Review: Rudyard corresponds with his children exactly as you would expect, it's a bit like reading his Just So Stories .. they're humorous, sometimes moralistic and occasionally dictatorial. You can't help thinking that Elsie (or Bird) got the best of it, being a girl, not much was expected of her and although she features much less in this book than John does (for the simple reason that Bird was more often at home) when she is sent letters it's usually because she's off skiing or on a jaunt. It's Rudyard's letters to John that the book is mainly concerned with. Whilst John is off boarding at school, Rudyard sends him news from home .. including little humorous stories with sketches to match but often there's a little lecture included (this is when Rudyard puts on what he calls his 'Mr Campbell' persona) and John is urged to study harder and basically buck up and be a good chap. At first I was inclined to be a bit resentful on John's behalf but then I realised that Rudyard only wanted him to be the best that he could be and instill some decent manners into him. These lectures apart, Rudyard writes to his son very much as you would to a friend, treating him almost as an equal (though at the same time despairing of his spelling.) Until I read the foreward (which I never do until the end) Rudyard's allusions to John avoiding 'beastliness' completely washed over me .. I thought he was alluding to the sort of beastliness that went on sometimes at Malory Towers (you know, someone cheating in exams, or stealing someone's pocket money) but apparently he was alluding to homosexuality. Well, again, I guess he was only trying to steer him in, what he thought was, the right direction given the times he was writing in. There's also a few unpalatable racial terms such as you might read, in Mark Twain's work of the same era.

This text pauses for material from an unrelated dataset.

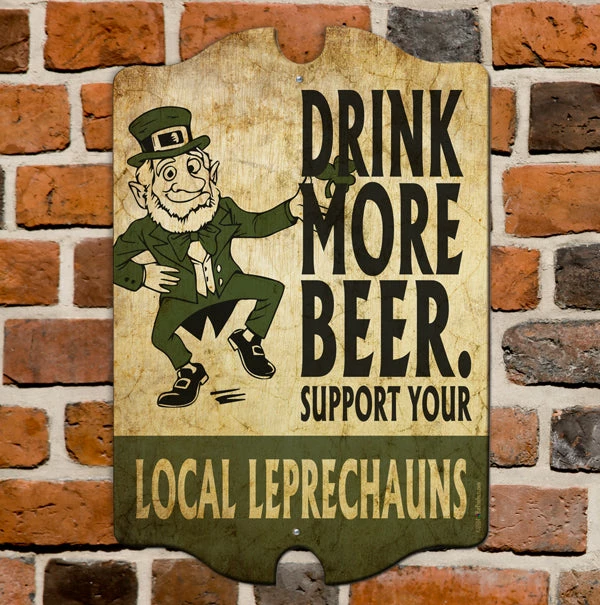 Support Your Local Leprechauns - Kolorcoat™ Wood Bar Sign - Tavern Shaped 4 Support Your Local Leprechauns - Kolorcoat™ Wood Bar Sign - Tavern Shaped - Image 2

Rudyard was a great patriot and believed fervently in men doing their duty, he wrote pamphlets and made speeches promoting recruitment. As John approached seventeen he was instrumental in pulling strings to get him a commission in the Irish Guards (John had been rejected already by both navy and army, due to his chronic short sightedness) with devastating results. John was killed in the Battle of Loos, during torrential rain, on his first day of combat. His body was never recovered and Rudyard was broken hearted ... 'he did not need the many gloating letters he received holding him accountable for his son's death to consider the possibility of his personal guilt.' In the last part of the book we are able to read John's letters home .. which always start 'Dear old man' or 'Dear old things' and this touch makes the book all the more affecting. Although I'm sure that Rudyard did continue to write to Bird after John's death, John's last letter home, written the evening before his death, is the last letter in the book. He ends it with ... 'You have no idea what enormous issues depend on the next few days. This will be my last letter most likely for some time as we won't get any time for writing this next week, but I will try and send Field post cards. Well so long old dears, Dear love John.' Rudyard wrote an epitaph for John a couple of years later which said .. 'If any question why we died, Tell them, because our fathers lied.'

I was all the more ridiculously affected by having Daniel Radcliffe in mind whilst reading about John. Daniel played the part of John in the drama My Boy Jack which was on TV a couple of years ago.